Yep, one percent. It was bad.

CalPERS has targeted a rate of return for its investments of 7.5 percent — a target that it reduced from 7.75 percent last year. So that 13.26 percent return, if it holds up through the fiscal year, will go a long way toward helping CalPERS make up what it lost last year.

However, as CalPERS Chief Investment Officer Joe Dear pointed out and Pensions & Investments reported, that 13.26 percent wasn't as thrilling as it sounds. It was "117 basis points below the retirement system's custom benchmark for the calendar year."

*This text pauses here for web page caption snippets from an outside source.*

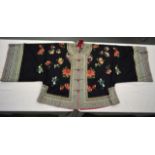 AN EARLY 20TH CENTURY CHINESE BLACK SILKWORK ROBE with brightly coloured borders, decorated with
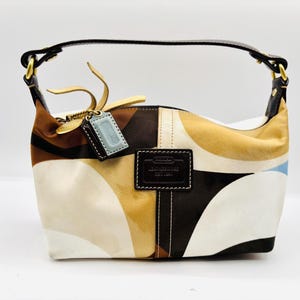 May include: A Coach handbag with a brown leather handle and a colorful geometric pattern in shades of brown, tan, white, and blue. The bag has a small leather tag and a rectangular patch with the brand name.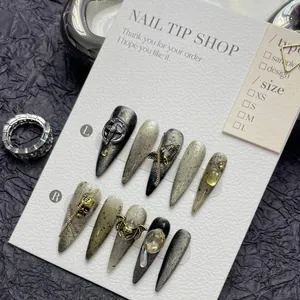Detailed macro view of dark cat-eye press-on nails with silver skull and chain charms
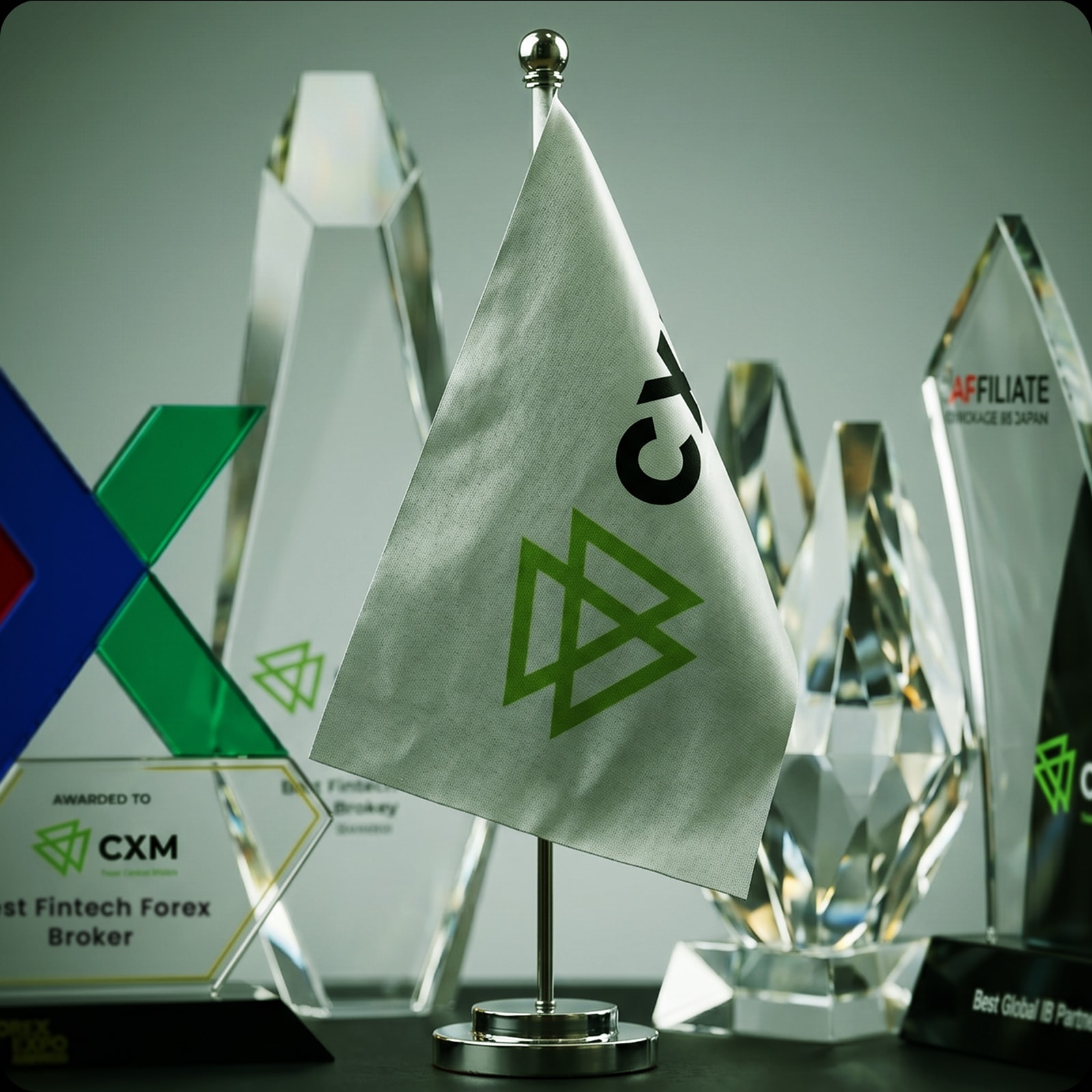 CXM industry award trophies on display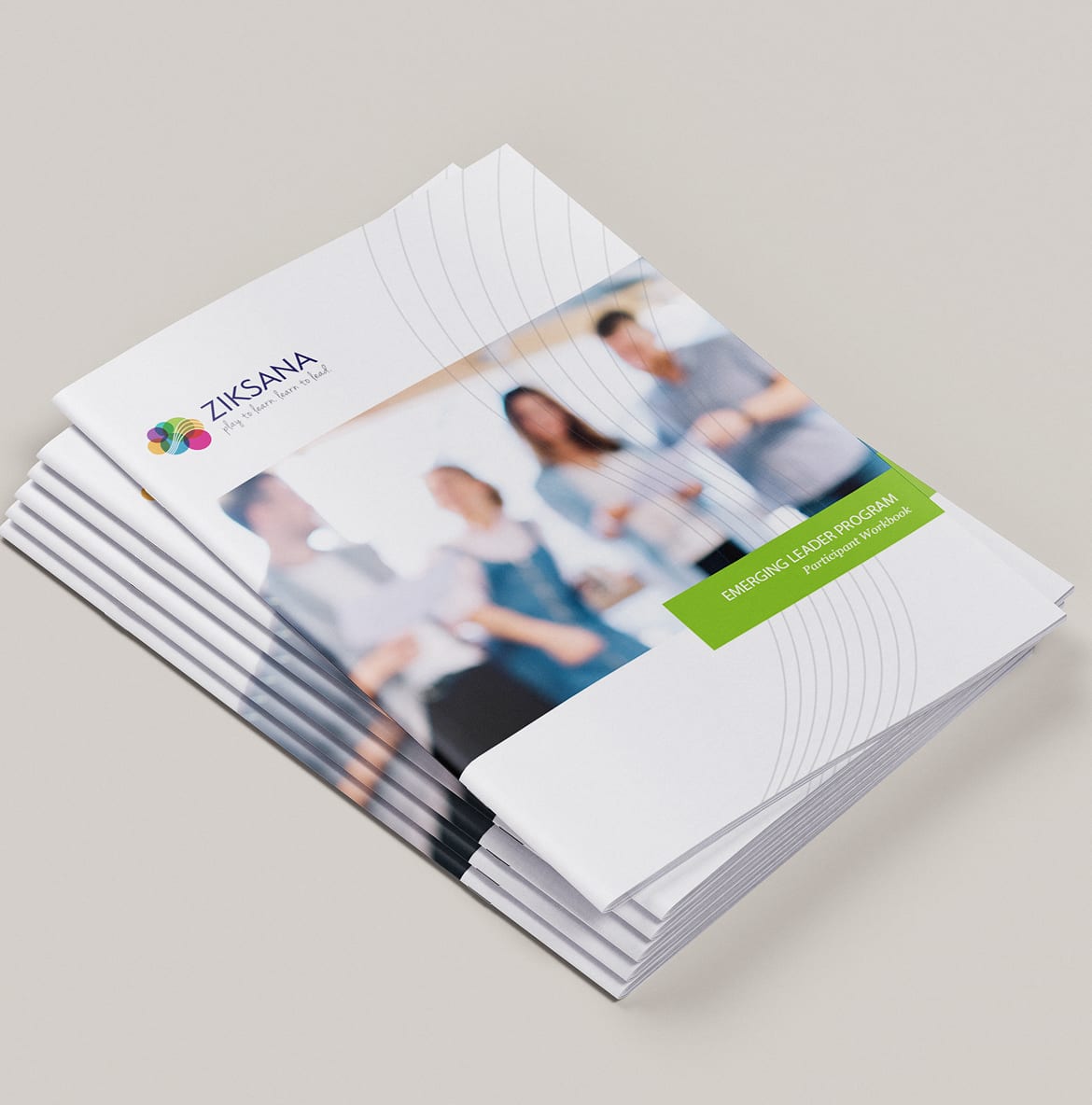 Ziksana-BookletFront A stack of Ziksana workshop brochures titled "Emerging Leader Program" features a blurred image of four people interacting. The Ziksana logo appears at the top.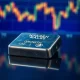 Silver bar on reflective surface with market charts in background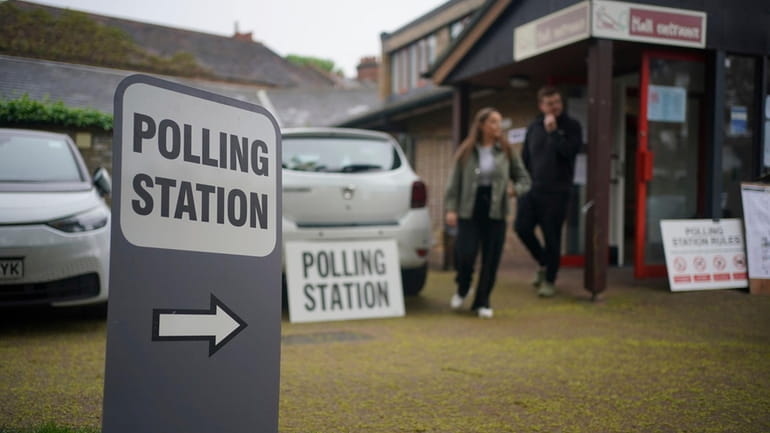 Voters leave a polling station at St Alban's Church, south...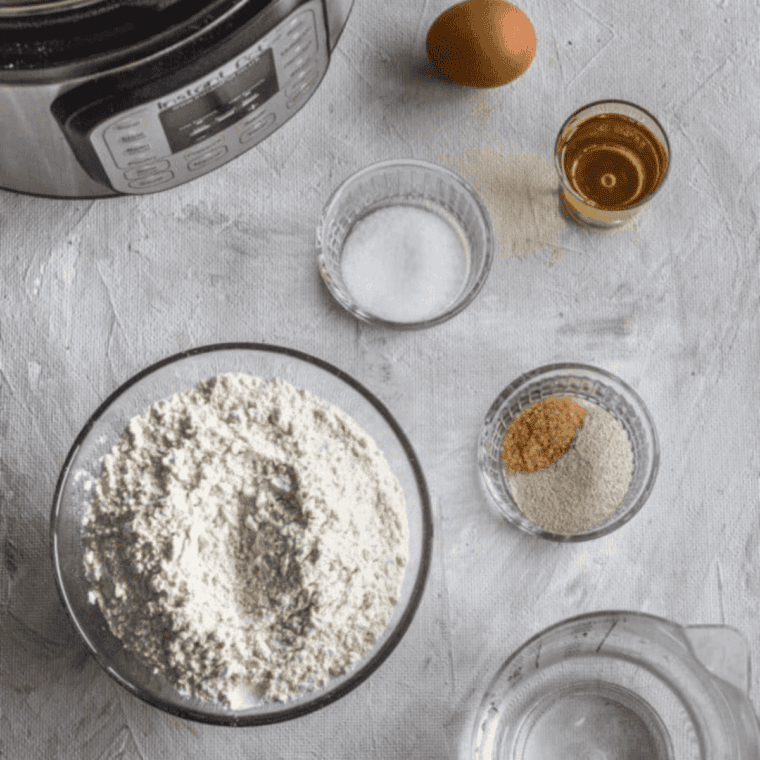 Ingredients needed for Sister Schubert's Parker House rolls on kitchen table.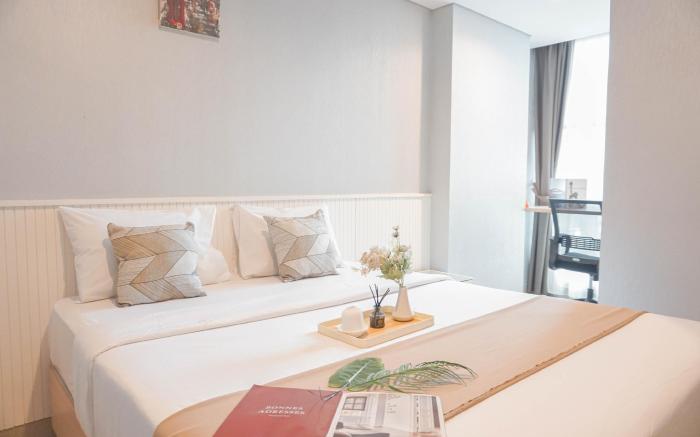 Modern 2BR Apartment Tamansari Iswara By Travelio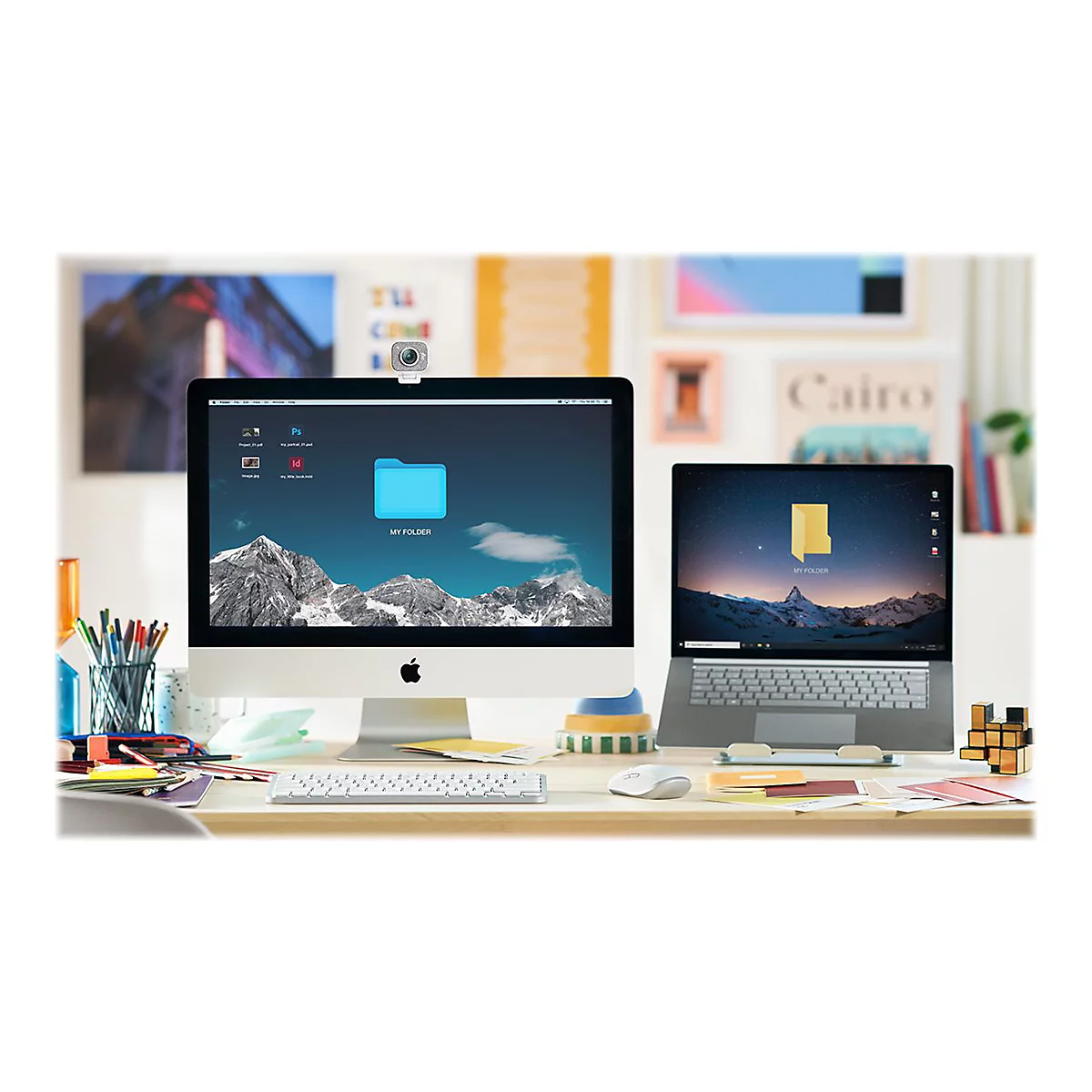 Ein Schreibtisch mit einem iMac und einem Laptop. Auf beiden Geräten ist ein blauer Ordner mit der Aufschrift "MY FOLDER" zu sehen.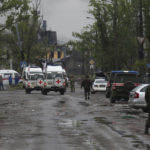
              Red Cross staff drive by in their vehicles to the besieged Mariupol's Azovstal steel plant to observe the evacuation of Ukrainian servicemen from Azovstal steel plant, in Mariupol, in territory under the government of the Donetsk People's Republic, eastern Ukraine, Wednesday, May 18, 2022. (AP Photo)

Translation: CalPERS expected 14.43 percent (a basis point is 1/100th of a percent, so the math is 1326 + 117). The problem child was private equity:
Mr. Dear attributed the below-benchmark results to disappointing returns in the private equity portfolio, which had a 12.24% return in the period, compared with the custom benchmark's 28.4% return.
That's a pretty hefty expectation on CalPERS' part, and it highlights a challenge facing big pension funds. The 2012 annual return on the S&P 500 was about 13 percent, so money passively invested in that index would have beaten CalPERS private equity portfolio by...76 basis points! (0.76 percent).

Obviously, it's an uncomfortable situation to be a pension fund manager and see that putting state workers' retirement money into an index that runs on autopilot is a better strategy than investing in sexier, riskier alternatives.

But CalPERS can't take its chances with more passive investments, because the bond and equity markets are going to have down years. In order to achieve that (reduced) 7.5 percent benchmark return — which it's only beating, barely, on a ten year basis, according to Dear — CalPERS had to construct a portfolio of alternative investments, including private equity, which can meet a benchmark annual return of nearly 30 percent.

It currently has $45 billion locked up in private equity, and in many cases, those funds are truly locked up — invested for long time frames.

What CalPERS calls "private equity" is actually an amalgam of "sub-asset classes," in the system's language. Of these, venture capital and "buyout" are two of the most familiar, because we hear so much about venture capitalists and their high-tech investments, as well as buyout shops, a good example of which was Mitt Romney's old firm, Bain Capital.

CalPERS, as I wrote last year, has been reviewing its venture capital allocation, in light of the meager returns that VC has generated. That looked like good news for buyout firms:
If CalPERS does greatly reduce its VC investments — and the writing is on the wall that it will — it will have to redeploy those funds in its private-equity portfolio. CalPERS calls everything that isn't "typical" in the portfolio "private equity," combining leveraged buyouts, VC, and other alternatives into one group. What most people now think of as private equity — leveraged buyouts of companies, the kind of thing Mitt Romney did when he was at Bain Capital — has been performing much better than VC.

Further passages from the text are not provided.